Exercise brief
Where the records appear below, transcribe them exactly, leaving none out.

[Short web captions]

++++

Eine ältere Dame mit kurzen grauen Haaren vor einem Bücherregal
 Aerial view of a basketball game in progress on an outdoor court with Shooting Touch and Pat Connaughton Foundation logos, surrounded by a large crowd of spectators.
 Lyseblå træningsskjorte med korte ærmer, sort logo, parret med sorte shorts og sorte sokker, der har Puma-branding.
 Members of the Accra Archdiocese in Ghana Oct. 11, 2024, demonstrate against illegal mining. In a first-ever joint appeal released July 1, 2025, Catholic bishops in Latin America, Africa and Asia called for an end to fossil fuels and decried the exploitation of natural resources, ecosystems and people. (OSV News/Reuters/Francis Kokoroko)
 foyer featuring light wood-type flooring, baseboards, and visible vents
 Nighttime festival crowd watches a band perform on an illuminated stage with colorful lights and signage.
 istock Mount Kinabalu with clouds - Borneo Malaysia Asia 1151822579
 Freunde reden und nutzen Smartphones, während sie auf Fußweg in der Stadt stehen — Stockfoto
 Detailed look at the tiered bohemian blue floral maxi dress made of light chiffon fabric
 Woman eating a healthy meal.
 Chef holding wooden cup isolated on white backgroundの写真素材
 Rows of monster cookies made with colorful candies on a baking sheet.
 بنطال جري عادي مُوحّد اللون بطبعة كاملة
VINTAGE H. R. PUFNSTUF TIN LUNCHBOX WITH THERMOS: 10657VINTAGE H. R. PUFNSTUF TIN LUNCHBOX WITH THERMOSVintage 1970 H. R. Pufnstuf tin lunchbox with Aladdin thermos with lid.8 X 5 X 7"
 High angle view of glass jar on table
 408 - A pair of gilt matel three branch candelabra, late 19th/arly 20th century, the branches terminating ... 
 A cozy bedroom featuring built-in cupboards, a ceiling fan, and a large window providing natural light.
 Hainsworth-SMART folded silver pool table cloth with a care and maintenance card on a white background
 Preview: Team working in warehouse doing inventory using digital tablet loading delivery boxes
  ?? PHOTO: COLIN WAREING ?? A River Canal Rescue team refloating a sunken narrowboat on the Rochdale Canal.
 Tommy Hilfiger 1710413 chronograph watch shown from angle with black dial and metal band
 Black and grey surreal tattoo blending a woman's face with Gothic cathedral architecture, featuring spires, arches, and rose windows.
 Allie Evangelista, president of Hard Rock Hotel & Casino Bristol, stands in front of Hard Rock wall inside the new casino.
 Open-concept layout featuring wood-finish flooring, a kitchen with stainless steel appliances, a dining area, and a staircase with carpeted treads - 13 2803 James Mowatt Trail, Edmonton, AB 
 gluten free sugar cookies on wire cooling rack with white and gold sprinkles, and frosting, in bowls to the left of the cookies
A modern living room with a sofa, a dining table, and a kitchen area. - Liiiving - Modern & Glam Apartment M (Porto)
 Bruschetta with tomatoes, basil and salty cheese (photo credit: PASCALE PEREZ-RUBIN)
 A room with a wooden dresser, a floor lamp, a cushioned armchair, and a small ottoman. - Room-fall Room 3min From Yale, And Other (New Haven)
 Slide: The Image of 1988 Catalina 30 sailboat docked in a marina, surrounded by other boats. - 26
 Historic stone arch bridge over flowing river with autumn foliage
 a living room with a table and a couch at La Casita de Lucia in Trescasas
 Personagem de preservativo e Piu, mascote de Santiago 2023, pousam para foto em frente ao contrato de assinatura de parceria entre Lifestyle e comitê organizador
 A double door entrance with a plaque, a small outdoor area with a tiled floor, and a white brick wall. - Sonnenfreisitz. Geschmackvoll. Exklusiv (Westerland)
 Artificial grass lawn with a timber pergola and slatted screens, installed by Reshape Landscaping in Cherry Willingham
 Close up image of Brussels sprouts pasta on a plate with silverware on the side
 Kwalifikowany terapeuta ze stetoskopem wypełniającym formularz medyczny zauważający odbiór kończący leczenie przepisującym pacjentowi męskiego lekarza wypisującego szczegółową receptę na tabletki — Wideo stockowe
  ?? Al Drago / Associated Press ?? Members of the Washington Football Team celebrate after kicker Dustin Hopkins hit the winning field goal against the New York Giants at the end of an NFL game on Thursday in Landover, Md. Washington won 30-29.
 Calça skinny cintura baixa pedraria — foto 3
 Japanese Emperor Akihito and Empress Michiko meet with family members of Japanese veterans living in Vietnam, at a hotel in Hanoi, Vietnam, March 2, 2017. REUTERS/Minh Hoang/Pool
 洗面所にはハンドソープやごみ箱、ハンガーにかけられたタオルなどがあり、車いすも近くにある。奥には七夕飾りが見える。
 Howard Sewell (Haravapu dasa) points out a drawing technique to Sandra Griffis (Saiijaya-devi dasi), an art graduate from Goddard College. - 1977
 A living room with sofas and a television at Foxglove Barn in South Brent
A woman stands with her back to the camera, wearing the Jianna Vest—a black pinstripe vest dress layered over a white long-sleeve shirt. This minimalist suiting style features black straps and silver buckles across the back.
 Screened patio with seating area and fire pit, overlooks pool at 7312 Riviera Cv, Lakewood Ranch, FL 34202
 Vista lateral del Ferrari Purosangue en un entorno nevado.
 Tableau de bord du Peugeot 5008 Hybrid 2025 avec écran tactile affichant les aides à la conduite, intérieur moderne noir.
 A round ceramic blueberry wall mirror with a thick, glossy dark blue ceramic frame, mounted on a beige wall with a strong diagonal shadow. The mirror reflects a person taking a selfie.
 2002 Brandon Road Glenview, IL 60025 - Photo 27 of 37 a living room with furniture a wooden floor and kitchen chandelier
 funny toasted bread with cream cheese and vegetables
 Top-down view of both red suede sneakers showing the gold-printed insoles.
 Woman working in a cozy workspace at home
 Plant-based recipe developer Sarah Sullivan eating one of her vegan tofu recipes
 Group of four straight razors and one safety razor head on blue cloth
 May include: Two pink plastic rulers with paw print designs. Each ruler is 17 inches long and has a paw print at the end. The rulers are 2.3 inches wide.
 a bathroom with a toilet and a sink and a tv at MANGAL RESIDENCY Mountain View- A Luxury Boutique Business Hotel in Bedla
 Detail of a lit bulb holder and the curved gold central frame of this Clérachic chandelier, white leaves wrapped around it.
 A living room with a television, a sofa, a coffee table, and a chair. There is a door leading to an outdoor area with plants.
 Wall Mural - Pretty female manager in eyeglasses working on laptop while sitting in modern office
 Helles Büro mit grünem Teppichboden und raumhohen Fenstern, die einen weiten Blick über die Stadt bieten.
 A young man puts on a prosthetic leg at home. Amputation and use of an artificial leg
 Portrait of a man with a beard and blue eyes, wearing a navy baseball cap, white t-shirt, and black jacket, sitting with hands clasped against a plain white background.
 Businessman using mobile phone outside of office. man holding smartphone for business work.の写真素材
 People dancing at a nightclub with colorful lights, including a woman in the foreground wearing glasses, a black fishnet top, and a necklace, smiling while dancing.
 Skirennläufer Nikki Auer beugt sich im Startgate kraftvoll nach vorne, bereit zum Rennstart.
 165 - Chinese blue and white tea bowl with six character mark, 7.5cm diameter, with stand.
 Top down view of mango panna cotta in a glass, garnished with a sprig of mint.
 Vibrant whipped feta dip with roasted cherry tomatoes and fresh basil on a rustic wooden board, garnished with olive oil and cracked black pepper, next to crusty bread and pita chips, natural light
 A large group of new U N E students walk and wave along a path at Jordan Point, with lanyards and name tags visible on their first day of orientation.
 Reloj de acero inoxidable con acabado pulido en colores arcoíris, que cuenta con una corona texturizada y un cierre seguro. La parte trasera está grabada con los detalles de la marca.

++++

Task result
Eine ältere Dame mit kurzen grauen Haaren vor einem Bücherregal
 Aerial view of a basketball game in progress on an outdoor court with Shooting Touch and Pat Connaughton Foundation logos, surrounded by a large crowd of spectators.
 Lyseblå træningsskjorte med korte ærmer, sort logo, parret med sorte shorts og sorte sokker, der har Puma-branding.
 Members of the Accra Archdiocese in Ghana Oct. 11, 2024, demonstrate against illegal mining. In a first-ever joint appeal released July 1, 2025, Catholic bishops in Latin America, Africa and Asia called for an end to fossil fuels and decried the exploitation of natural resources, ecosystems and people. (OSV News/Reuters/Francis Kokoroko)
 foyer featuring light wood-type flooring, baseboards, and visible vents
 Nighttime festival crowd watches a band perform on an illuminated stage with colorful lights and signage.
 istock Mount Kinabalu with clouds - Borneo Malaysia Asia 1151822579
 Freunde reden und nutzen Smartphones, während sie auf Fußweg in der Stadt stehen — Stockfoto
 Detailed look at the tiered bohemian blue floral maxi dress made of light chiffon fabric
 Woman eating a healthy meal.
 Chef holding wooden cup isolated on white backgroundの写真素材
 Rows of monster cookies made with colorful candies on a baking sheet.
 بنطال جري عادي مُوحّد اللون بطبعة كاملة
VINTAGE H. R. PUFNSTUF TIN LUNCHBOX WITH THERMOS: 10657VINTAGE H. R. PUFNSTUF TIN LUNCHBOX WITH THERMOSVintage 1970 H. R. Pufnstuf tin lunchbox with Aladdin thermos with lid.8 X 5 X 7"
 High angle view of glass jar on table
 408 - A pair of gilt matel three branch candelabra, late 19th/arly 20th century, the branches terminating ... 
 A cozy bedroom featuring built-in cupboards, a ceiling fan, and a large window providing natural light.
 Hainsworth-SMART folded silver pool table cloth with a care and maintenance card on a white background
 Preview: Team working in warehouse doing inventory using digital tablet loading delivery boxes
  ?? PHOTO: COLIN WAREING ?? A River Canal Rescue team refloating a sunken narrowboat on the Rochdale Canal.
 Tommy Hilfiger 1710413 chronograph watch shown from angle with black dial and metal band
 Black and grey surreal tattoo blending a woman's face with Gothic cathedral architecture, featuring spires, arches, and rose windows.
 Allie Evangelista, president of Hard Rock Hotel & Casino Bristol, stands in front of Hard Rock wall inside the new casino.
 Open-concept layout featuring wood-finish flooring, a kitchen with stainless steel appliances, a dining area, and a staircase with carpeted treads - 13 2803 James Mowatt Trail, Edmonton, AB 
 gluten free sugar cookies on wire cooling rack with white and gold sprinkles, and frosting, in bowls to the left of the cookies
A modern living room with a sofa, a dining table, and a kitchen area. - Liiiving - Modern & Glam Apartment M (Porto)
 Bruschetta with tomatoes, basil and salty cheese (photo credit: PASCALE PEREZ-RUBIN)
 A room with a wooden dresser, a floor lamp, a cushioned armchair, and a small ottoman. - Room-fall Room 3min From Yale, And Other (New Haven)
 Slide: The Image of 1988 Catalina 30 sailboat docked in a marina, surrounded by other boats. - 26
 Historic stone arch bridge over flowing river with autumn foliage
 a living room with a table and a couch at La Casita de Lucia in Trescasas
 Personagem de preservativo e Piu, mascote de Santiago 2023, pousam para foto em frente ao contrato de assinatura de parceria entre Lifestyle e comitê organizador
 A double door entrance with a plaque, a small outdoor area with a tiled floor, and a white brick wall. - Sonnenfreisitz. Geschmackvoll. Exklusiv (Westerland)
 Artificial grass lawn with a timber pergola and slatted screens, installed by Reshape Landscaping in Cherry Willingham
 Close up image of Brussels sprouts pasta on a plate with silverware on the side
 Kwalifikowany terapeuta ze stetoskopem wypełniającym formularz medyczny zauważający odbiór kończący leczenie przepisującym pacjentowi męskiego lekarza wypisującego szczegółową receptę na tabletki — Wideo stockowe
  ?? Al Drago / Associated Press ?? Members of the Washington Football Team celebrate after kicker Dustin Hopkins hit the winning field goal against the New York Giants at the end of an NFL game on Thursday in Landover, Md. Washington won 30-29.
 Calça skinny cintura baixa pedraria — foto 3
 Japanese Emperor Akihito and Empress Michiko meet with family members of Japanese veterans living in Vietnam, at a hotel in Hanoi, Vietnam, March 2, 2017. REUTERS/Minh Hoang/Pool
 洗面所にはハンドソープやごみ箱、ハンガーにかけられたタオルなどがあり、車いすも近くにある。奥には七夕飾りが見える。
 Howard Sewell (Haravapu dasa) points out a drawing technique to Sandra Griffis (Saiijaya-devi dasi), an art graduate from Goddard College. - 1977
 A living room with sofas and a television at Foxglove Barn in South Brent
A woman stands with her back to the camera, wearing the Jianna Vest—a black pinstripe vest dress layered over a white long-sleeve shirt. This minimalist suiting style features black straps and silver buckles across the back.
 Screened patio with seating area and fire pit, overlooks pool at 7312 Riviera Cv, Lakewood Ranch, FL 34202
 Vista lateral del Ferrari Purosangue en un entorno nevado.
 Tableau de bord du Peugeot 5008 Hybrid 2025 avec écran tactile affichant les aides à la conduite, intérieur moderne noir.
 A round ceramic blueberry wall mirror with a thick, glossy dark blue ceramic frame, mounted on a beige wall with a strong diagonal shadow. The mirror reflects a person taking a selfie.
 2002 Brandon Road Glenview, IL 60025 - Photo 27 of 37 a living room with furniture a wooden floor and kitchen chandelier
 funny toasted bread with cream cheese and vegetables
 Top-down view of both red suede sneakers showing the gold-printed insoles.
 Woman working in a cozy workspace at home
 Plant-based recipe developer Sarah Sullivan eating one of her vegan tofu recipes
 Group of four straight razors and one safety razor head on blue cloth
 May include: Two pink plastic rulers with paw print designs. Each ruler is 17 inches long and has a paw print at the end. The rulers are 2.3 inches wide.
 a bathroom with a toilet and a sink and a tv at MANGAL RESIDENCY Mountain View- A Luxury Boutique Business Hotel in Bedla
 Detail of a lit bulb holder and the curved gold central frame of this Clérachic chandelier, white leaves wrapped around it.
 A living room with a television, a sofa, a coffee table, and a chair. There is a door leading to an outdoor area with plants.
 Wall Mural - Pretty female manager in eyeglasses working on laptop while sitting in modern office
 Helles Büro mit grünem Teppichboden und raumhohen Fenstern, die einen weiten Blick über die Stadt bieten.
 A young man puts on a prosthetic leg at home. Amputation and use of an artificial leg
 Portrait of a man with a beard and blue eyes, wearing a navy baseball cap, white t-shirt, and black jacket, sitting with hands clasped against a plain white background.
 Businessman using mobile phone outside of office. man holding smartphone for business work.の写真素材
 People dancing at a nightclub with colorful lights, including a woman in the foreground wearing glasses, a black fishnet top, and a necklace, smiling while dancing.
 Skirennläufer Nikki Auer beugt sich im Startgate kraftvoll nach vorne, bereit zum Rennstart.
 165 - Chinese blue and white tea bowl with six character mark, 7.5cm diameter, with stand.
 Top down view of mango panna cotta in a glass, garnished with a sprig of mint.
 Vibrant whipped feta dip with roasted cherry tomatoes and fresh basil on a rustic wooden board, garnished with olive oil and cracked black pepper, next to crusty bread and pita chips, natural light
 A large group of new U N E students walk and wave along a path at Jordan Point, with lanyards and name tags visible on their first day of orientation.
 Reloj de acero inoxidable con acabado pulido en colores arcoíris, que cuenta con una corona texturizada y un cierre seguro. La parte trasera está grabada con los detalles de la marca.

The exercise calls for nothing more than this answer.